Italy’s Giorgio Parisi wins Nobel Prize for Physics 2021

Chimica Oggi-Chemistry Today

Giorgio Parisi, a physicist from Sapienza Università di Roma and current vice-president of Accademia dei Lincei, has been awarded half of the 2021 Nobel Prize in Physics, with the other half shared between Syukuro Manabe from Princeton University in the USA and Klaus Hasselmann from the Max Planck Institute for Meteorology in Hamburg, Germany.

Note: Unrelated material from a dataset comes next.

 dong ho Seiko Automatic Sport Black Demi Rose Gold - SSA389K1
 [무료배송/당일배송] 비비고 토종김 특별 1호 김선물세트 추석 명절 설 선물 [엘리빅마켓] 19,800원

The award recognizes the three scientists’ “groundbreaking contributions to our understanding of complex physical systems”. As for Parisi, an eclectic physicist whose research work has covered areas such as fundamental particles, condensed matter, statistical physics and disordered materials, the Nobel committee has highlighted his contributions to “the discovery of the interplay of disorder and fluctuations in physical systems from atomic to planetary scales”.

“I was very happy and I was not really expecting it,” Parisi told reporters after the announcement. “I was really very happy. I knew there was some non-negligible possibility.”

The study of complex physical systems has applications ranging from neuroscience to biology and machine learning. But in the press release accompanying the announcement, the Nobel Committee for Physics highlighted one complex system in particular: the Earth’s climate. “The discoveries being recognised this year demonstrate that our knowledge about the climate rests on a solid scientific foundation, based on a rigorous analysis of observations” said Thors Hans Hansson, chair of the Committee. “This year’s Laureates have all contributed to us gaining deeper insight into the properties and evolution of complex physical systems”.

Parisi, who is 73, is the sixth Italian scientist to win the Physics Nobel Prize, after Guglielmo Marconi (1909), Enrico Fermi (1938), Emilio Segré (1959), Carlo Rubbia (1984) and Riccardo Giacconi (2002).